NOR test was conducted to assess memory function in TBI mice. The mouse was exposed to two similar objects (A, A) to familiarize in an open field arena box apparatus for 5 min a day before TBI procedures (n = 6 mice/group). The time spent near the objects was recorded. Then, the mouse was exposed to one familiar object (A) and a novel object (B) for 5 min, and the time spent at each object was recorded after 24 h and 72 h of TBI procedure. Results show that sham control mice show increased time spent at the novel object than at the familiar object (∗p < 0.05). However, TBI mice show poor performance as they did not recognize the familiar object, and the time spent at the familiar object and novel object did not show any significant variation.

Figure 9

Schematic representation of mast cell activation in neuroinflammation, BBB disruption, and neuronal death in closed-head acute TBI brain.

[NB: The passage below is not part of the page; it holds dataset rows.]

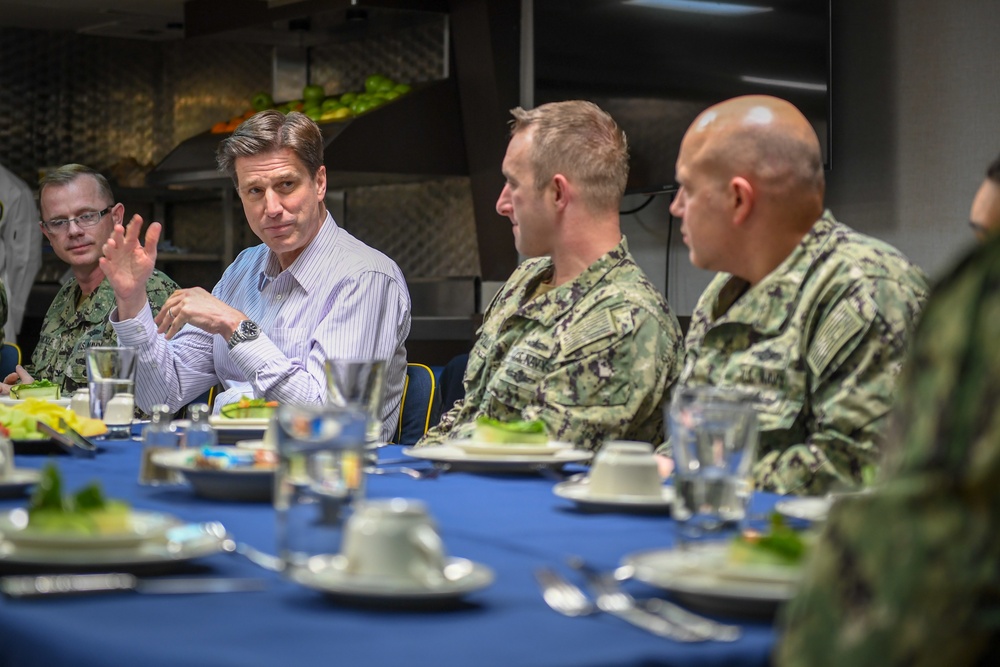 DoD CIO visits USS Howard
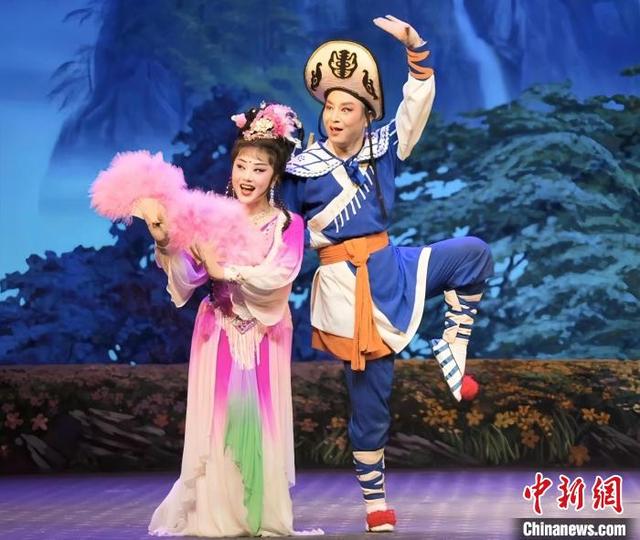 劉?？抽匝輪T表,劉?？抽匝輪T表——科技與傳統(tǒng)藝術(shù)的完美融合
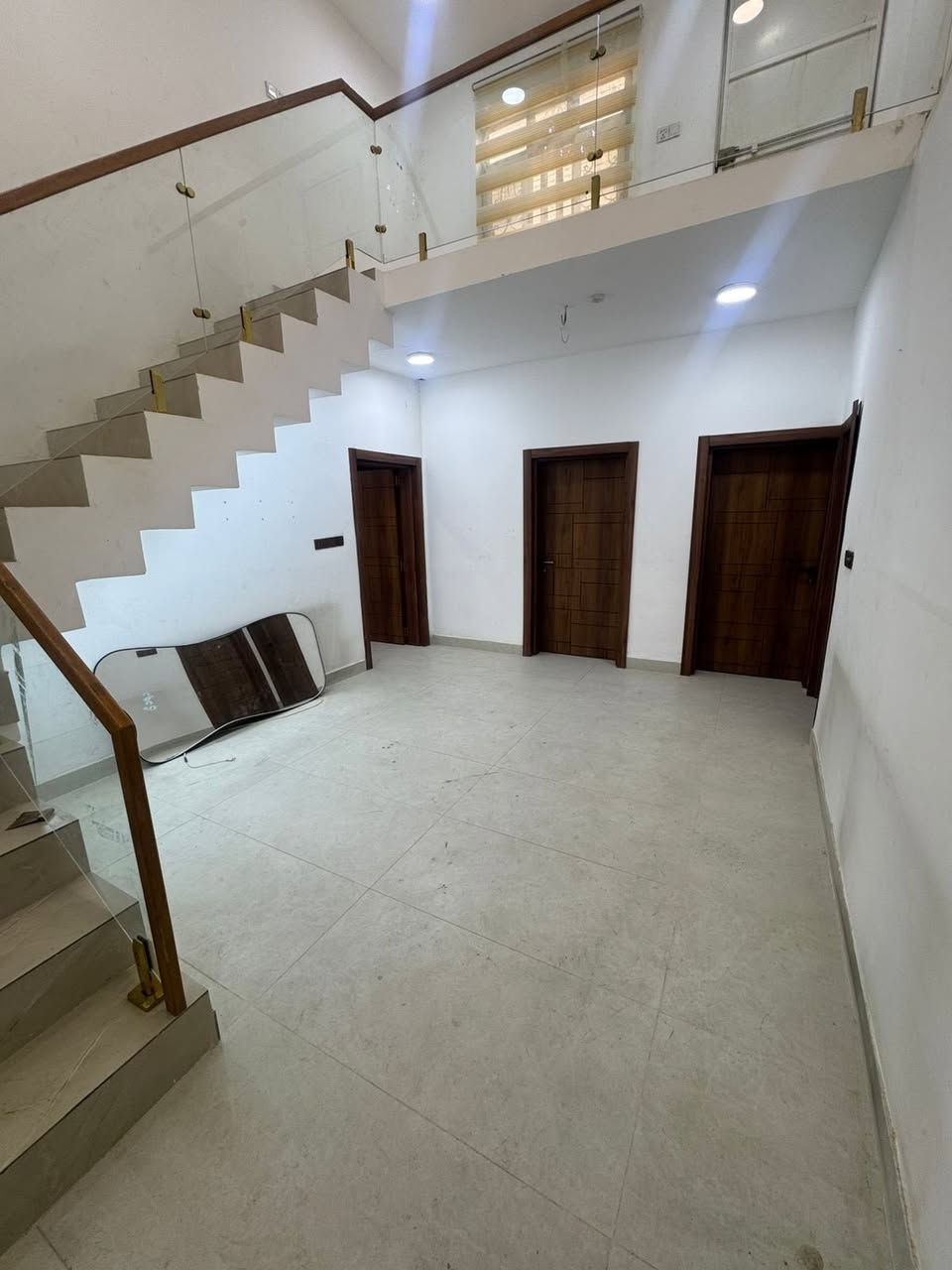 ⭕️دار للبيع في حي الطياره خلف المدهش قريب جداً من الشارع العام 

⭕️المساحة ٢٢٠م زراعي الواجهة ١١م والنزال ٢٠م 

⭕️بناء حديث 

⭕️طابق واحد يحتوي على صاله وهول ومطبخ ومجمع صحيات وغرفتين نوم 

⭕️السعر (٢٥٠) مليون قابل للتفاوض 

*نستقبل جميع عروضكم السكنية 🏠 والتجارية 🏡 بكافة مناطق الحلة 
……………………………..
للمزيد من المعلومات

مراجعة مكتب بابل الكائن في شارع ٦٠ مقابيل حلويات ريف دمشق او كراج ناجي كماش سابقاً او الاتصال ☎️ 

***********ابو احمدالاسدي  
***********احمد الاسدي
***********امير الاسدي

Neurotrauma/TBI can cause primary damage to neurovascular and gliovascular units in the brain with subsequent neuroimmune and neuroinflammatory responses. This leads to the activation of immune cells, including microglia, astrocytes, and mast cells in the brain. Mast cell activation causes degranulation and release of prestored and preactivated mediators such as histamine, proteases, and TNF-α followed by newly synthesized cytokines, chemokines, and neurotoxic mediators that can act on glial cells and neurons. Subsequently, peripheral immune as well as inflammatory cells can infiltrate the region of injury in the brain due to the BBB breach. CCL2 released from mast cells and brain cells induces the infiltration of inflammatory cells. Activated glial cells release neuroinflammatory mediators that further activate glial cells, neurons, and mast cells in a vicious fashion and induce PAR-2 and VEGFR2 expression and BBB breach with decreased tight junction protein such as claudin 5 and ZO-1 and its derangements. This continuous process can cause and upregulate neuroinflammation and neuronal death and secondary brain damage after TBI.